10 thoughts on “7 Tips to Improve the Army Officer and NCO Relationship”

  1. Faith A. Coleman

    It is possible, even when two people don’t like each other, to act like adults, do the right thing, without getting jerked around by feelings. It seems, though, like a lot of people want to explain their behavior as somehow being out of their control because they are responding to feelings and believe it justifies their behavior not being more responsible and guided by the needs of the situation, common sense, mission first. This principle is one that could be used more often in the civilian world.

    1. The bottom line is that people need to get a grip on their emotions. When you work together, you should have a common purpose. Even if the Officer and NCO don’t get along well they should always put the mission and Soldiers first. Do that and things will work out fine.

  2. Great tips, Chuck. Here are a few things I can think of: respect, mutual trust, good communication, knowing your job, being loyal to each other, and always placing the mission first.

  3. I can say this is one of the toughest things I have to deal with when I was a young platoon leader. I am not saying that I am arrogant or do not listen to my platoon sergeant, but being a National Guard soldiers cause miscommunication between us. My platoon sergeant always does his thing without informing me or gives excuses (word from 1SG and my experience). I am not saying my platoon sergeant is a bad NCO, yet he is one of the most respected NCO in my company. The problem is that he has a tendency to find his own way to get out of things especially an order. We had a big argument once because of his failure to obey a direct order, especially one from the Battalion Commander. Although things finally work out between us, I did learn a lot to work with a partner and it challenge me as a leader to enforce standard and personality as a leader.

    1. We can learn more from a bad situation than we often do in a good situation. Learning to communicate effectively and work together with someone else can be challenging. It sounds like you made some progress with your Platoon Sergeant and learned from the situation.

  4. Knowing your role and staying in your lane is the most important item on this list in my opinion. Too many times, officers try to take care of individual training that NCO’s are supposed to be conducting. This is why communication, another item on your list, is key. NCO’s need to be able to talk with their officers openly and honestly and officers should have an open door for their NCO’s. Communication and delegation of tasks is key to a cohesive unit.

    1. I agree that staying in your lane is very important. Most NCOs/Officers will struggle with this area until they sit down together and determine roles and responsibilities. Some things are obvious, but there are many gray areas that need to be hashed out. The best time to do this is during the initial counseling. The Platoon Leader and Platoon Sergeant should make a list outlining who will be responsible for what. That way when something happens, each person will know who is responsible to fix it.

      Chuck Holmes

  5. Great (and all valid) points. Thus far I’ve been lucky to have had mostly good relationships with my officers. Talking through who will take what responsibilities is an excellent idea.
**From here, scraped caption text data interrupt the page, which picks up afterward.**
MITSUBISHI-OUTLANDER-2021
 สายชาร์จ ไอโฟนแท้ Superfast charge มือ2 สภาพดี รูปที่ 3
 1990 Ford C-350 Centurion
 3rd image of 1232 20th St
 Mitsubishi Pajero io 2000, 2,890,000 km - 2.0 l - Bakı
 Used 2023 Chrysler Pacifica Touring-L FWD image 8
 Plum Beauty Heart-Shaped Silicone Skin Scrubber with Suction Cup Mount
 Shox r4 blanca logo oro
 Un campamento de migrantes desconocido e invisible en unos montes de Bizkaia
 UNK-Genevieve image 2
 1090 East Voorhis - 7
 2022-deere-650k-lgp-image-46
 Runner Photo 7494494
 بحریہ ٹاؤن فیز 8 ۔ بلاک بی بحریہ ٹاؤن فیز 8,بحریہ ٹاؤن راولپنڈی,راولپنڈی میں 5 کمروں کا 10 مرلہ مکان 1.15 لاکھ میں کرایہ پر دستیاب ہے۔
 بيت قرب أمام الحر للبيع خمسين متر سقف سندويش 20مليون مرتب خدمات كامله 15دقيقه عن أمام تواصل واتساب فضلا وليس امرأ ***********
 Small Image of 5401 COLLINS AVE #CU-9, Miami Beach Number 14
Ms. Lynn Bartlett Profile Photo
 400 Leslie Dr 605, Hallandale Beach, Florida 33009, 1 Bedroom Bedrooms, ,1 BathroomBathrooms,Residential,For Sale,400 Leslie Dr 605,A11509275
Despite all the times I’ve heard the phrase “That’s NCO business” thrown around, I’ve found that there are no bright lines between officer responsibilities and NCO responsibilities. Yes, there are things that we know officers always do and NCOs always do, but far more things are less clear-cut. Assuming that the other guy (or gal) is going to handle something when they have the same assumption about you means things will fall through the cracks. Funny, once again we find ourselves seeing the value of good communication.

    1. Yes, there are certain things the Officer should do and certain things the NCO should do, but like you said there are many grey areas. I think those grey areas should be matched up with people’s strengths. For instance, if the NCO is great administrator, he can take the lead on a lot of the admin activities. Or, if the officer is great with counseling, he can have a very active role with the Soldiers, along with the First Sergeant. The officer and NCO relationship is like a marriage. And every marriage is unique. There is no one one way fits all.